La squadra non effettuerà una sosta durante il viaggio ma avrà la possibilità di effettuare un risveglio muscolare dopo il viaggio una volta arrivata a destinazione…

Approccio forte. Sono queste le parole che Sanderra usa per cercare di dare continuità di risultati cercando la terza vittoria di fila:

«Voglio vedere giocatori affamati e questa settimana in allenamento c'è stata molta grinta. Servirà una grande prestazione per uscire dal Turrina con un risultato positivo. N'Tow è ancora alle prese con il solito fastidio alla caviglia, anche se è a disposizione. Pezzotti sta bene ed ha recuperato dai problemi di questa settimana».

La Feralpi vuole rialzarsi dopo la sconfitta esterna contro il Fano:

«È una squadra solida con attaccanti molto forti. Ci vorrà una partita importante perché è una gara dagli alti indici di difficoltà. È una squadra che ha alternato, un po’ come la nostra, con alti e bassi. Hanno sempre fatto la partita anche quando sono usciti fuori con zero punti in tasca. Andremo a Salò a fare la nostra partita cercando di evidenziare i pochi difetti che hanno, si tratta una di una squadra molto completa in tutti i reparti. Dovremo cercare di tenerli dietro perché se ci aggrediscono alti e in massa rischiamo molto. Dobbiamo cercare di stare molto alti. Non abbiamo ancora le potenzialità per fare pressing per una partita intera e la squadra da questo punto di vista deve crescere e capire quando attaccare e quando contenere. La Feralpi ha degli ottimi saltatori e noi che difendiamo a zona dovremo prestare grande attenzione».

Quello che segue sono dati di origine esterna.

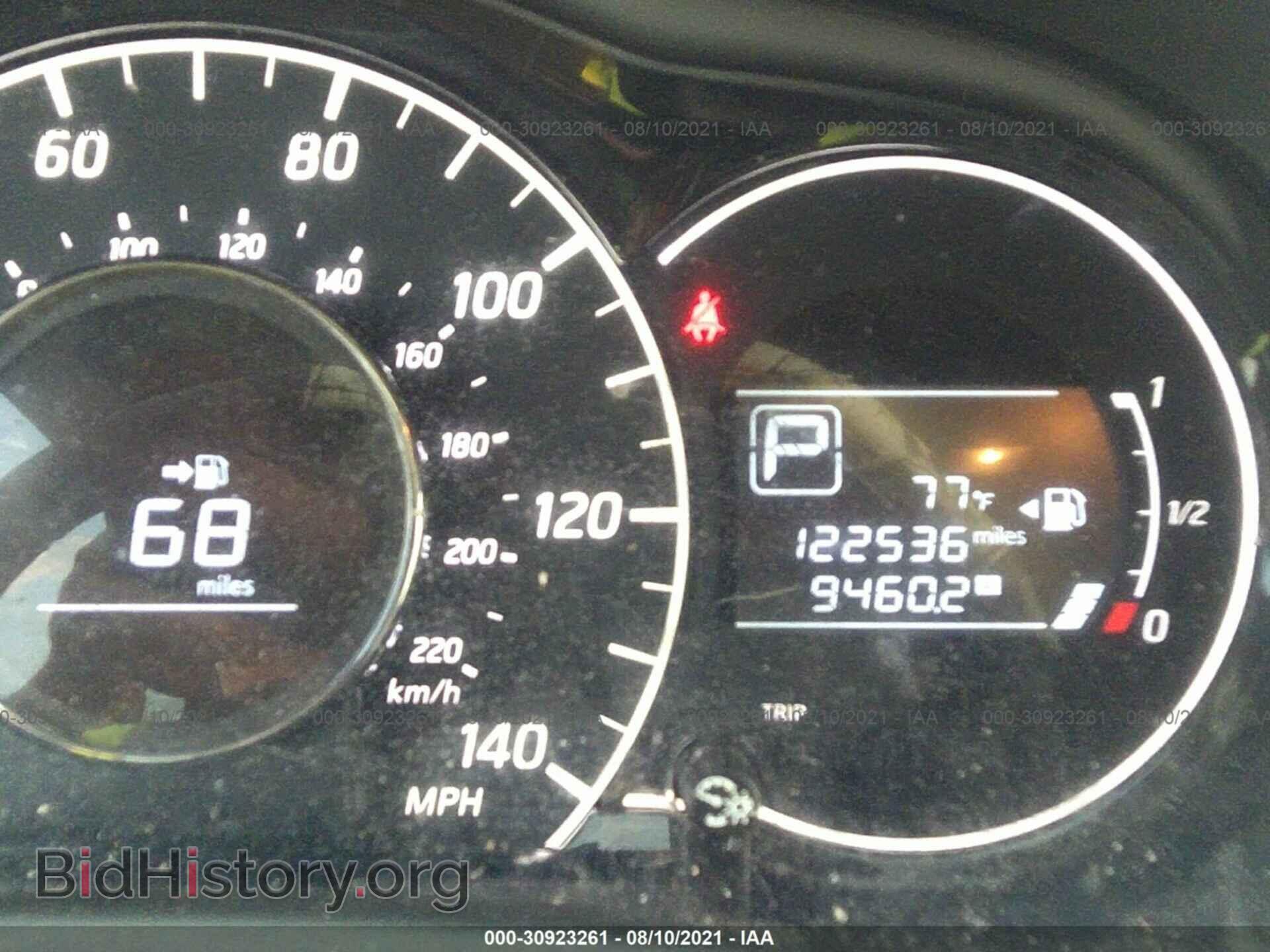 2016 NISSAN VERSA NOTE - VIN: 3N1CE2CP4GL377773 - Фото 7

I calci piazzati non hanno portato grandi problemi alla Samb dal punto di vista della difesa, così come in attacco però non sono stati un punto di forza:

«Non riusciamo ad incidere con i calci d’angolo. Abbiamo molte potenzialità e la palla inattiva nel gioco attuale è fondamentale. Difendiamo bene in questi frangenti, ma in attacco dimostriamo qualche problema».

Capitolo Latorre, un giocatore ancora da scoprire:

«Latorre ancora manca. Non ha minuti e continuità e non riuscirebbe a coprire sia fasi difensive e offensive. Ci stiamo lavorando molto, ma è ancora lontano dalla miglior forma. Diciamo che non si vede luce in fondo al tunnel».

Gestione della gara, un nodo ancora da sciogliere, ma sul quale il tecnico sta lavorando molto:

«Abbiamo poca pazienza e siamo molto istintivi. Ci manca ancora qualcosa per essere padroni dell'intera partita. È vero che ci sono tante componenti. Le caratteristiche della squadra ci portano a segnare tanto in contropiede o a campo aperto. Accentuare il palleggio potrebbe essere un'arma a doppio taglio. Si tratta di strategie da valutare».